Happy March! I hope you’re slowly thawing out, wherever you are. As for me, I’m still freezing. My warm, South Carolina-raised blood is just not used to snow living on the ground for weeks at a time.
I don’t know if it’s the cold weather, being trapped in the house with the kids for days on end or just me justifying yet another ridiculous habit, but lately I’ve really been into deep-frying. I love emptying an entire jug of glistening canola oil, glug by glug, into my cast-iron pot with deep sides that work especially well for containing splatters. While heating the oil slowly, I batter whatever it is that I’m frying — chicken wings, oysters, dough — and lay it out lovingly with one of my spider skimmers and a paper towel-lined platter. I love dropping drippy battered and breaded lumps into 350-degree oil and watching as they emerge, golden-brown, triumphant and shimmering with hot oil. Try it. I challenge you to find something that will make you more proud than deep-frying something well. I know, it should be kids, career, personal milestones. Yada, yada, yada. Go deep fry!
One deep-fried food that the DC area has a good foothold on is Korean fried chicken. When we lived in the city years ago, we’d trek out to Annandale on the weekends for a Bonchon chicken fix. We haven’t had a chance to rediscover Korean fried chicken since moving back (too many things to eat, which is a very good problem to have), so instead the other day I tried this excellent recipe from Saveur magazine. It’s a fantastic starting point for Korean fried chicken in that namely it requires that you double-fry the chicken wings (which then begs the question of what else can be double deep-fried). I used a Vietnamese hot chili garlic paste instead of Korean, only because it’s what I had on hand and I didn’t want to add yet another hot sauce to our refrigerator (we seriously have, like 8 bottles open at any one time) if the recipe didn’t work out in my favor.
As it turns out, these wings are lip-tingling tasty. The chili sauce, which is mixed with loads of garlic, honey, ginger, rice vinegar and soy sauce, is best when it’s smeared all over the wings. There’s nothing neat or clean about eating them, and the best part is licking off the dribbles of sauce that stick on your fingers after you crunch down into a juicy wing. The hubby is a chicken wing fanatic, and he immediately ordered a batch of these wings for our next TV-watching night.
“Don’t you mean the next time there’s like, a big game on or something?” I asked.
“What big game?”
“I don’t know. Whatever game there is for whatever sport is on next.”
“What sport? What game? I spend all of my time doing laundry or holding foods in weird positions so you can photograph them.”

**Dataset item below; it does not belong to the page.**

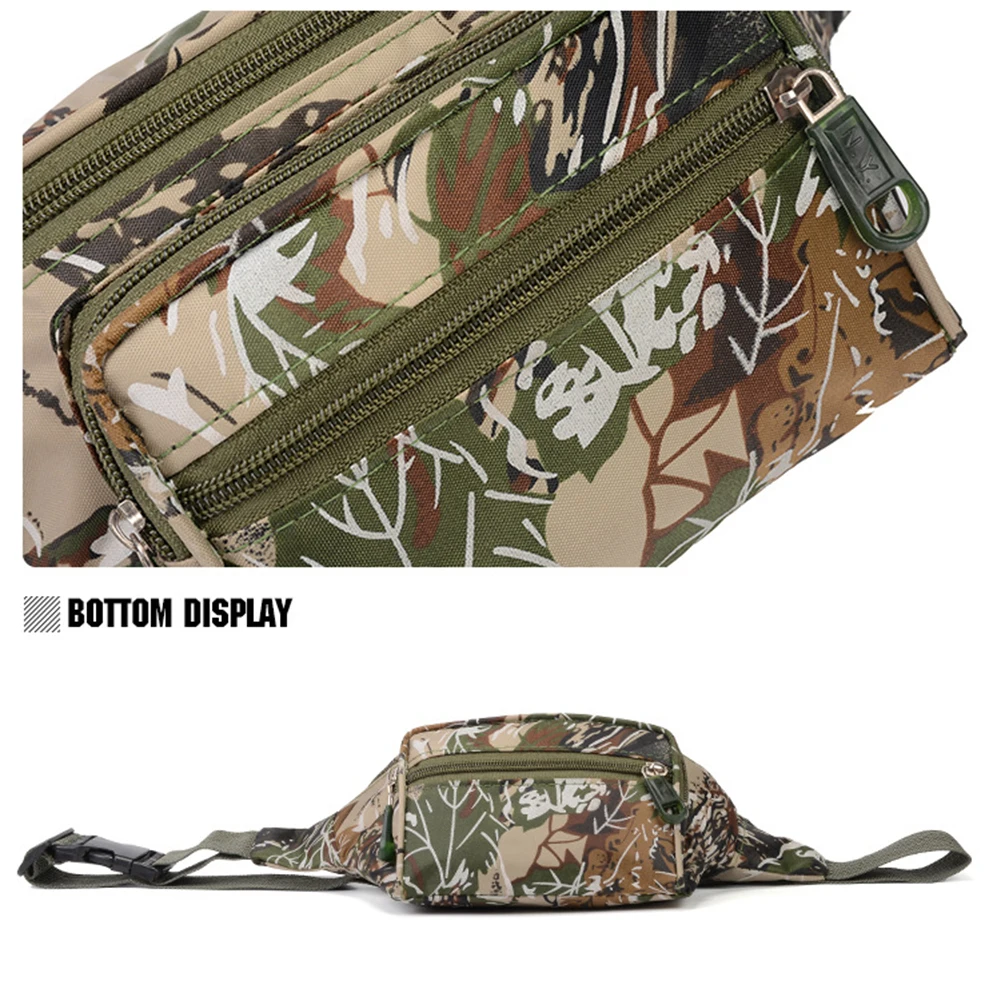 Camouflage Waist Bag Outdoor Sports Large Capacity Chest Handbag Multifunction Chest Bag Mobile Phone Backpack For Outdoor Sport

“Oh, right. Well do you want to watch a game sometime? I can keep the kids busy so you can do that…”
“No! I just want more chicken wings.”
My poor guy. He can’t even get a bucket of chicken wings so that he can sit in front of the TV navel-gazing without getting the third degree from his woman.
Guess I’d better go fire up that oil again.
- Canola oil, for frying
- Deep fry thermometer (very important)
- 8 cloves garlic
- 1 (2½") piece fresh ginger, peeled and grated
- 6 tablespoons soy sauce
- 6 tablespoons chili garlic paste (Huey Fong or similar)
- 3 tablespoons rice vinegar
- 2 tablespoons toasted sesame oil
- 2 tablespoons honey
- 1⅓ cups flour
- 2 tablespoons cornstarch
- 1⅓ cup water
- 2½ lbs chicken wings
- Pour canola oil into a heavy-bottomed, deep pot so that the oil comes up at least 2 inches up the sides of the pot. Heat oil over medium or medium-high heat until the temperature reaches 350 degrees (note: do not deep fry without a thermometer. It will be disastrous.)
- While oil is heating, rinse chicken wings and pat very dry with paper towels.
- In a large bowl, stir together garlic, ginger, soy sauce, chili garlic paste, rice vinegar, sesame oil, and honey.
- In a 9x9 glass dish or other flat bowl, stir together water, flour and cornstarch until it forms a thick batter. Dip chicken wings, one at a time, in batter and immediately place in oil to fry in batches (4-6 at a time). Fry for 6-8 minutes until just slightly crisped. Remove from heat and repeat with other wings, one batch at a time.
- Once all of the wings have been fried once, strain large bits from the oil with a spider skimmer and return the oil to 350 degrees.
- Re-fry all of the chicken wings in batches until golden brown, approximately 6-8 minutes.
- Toss wings in sauce and serve immediately. Use leftover sauce for extra dipping.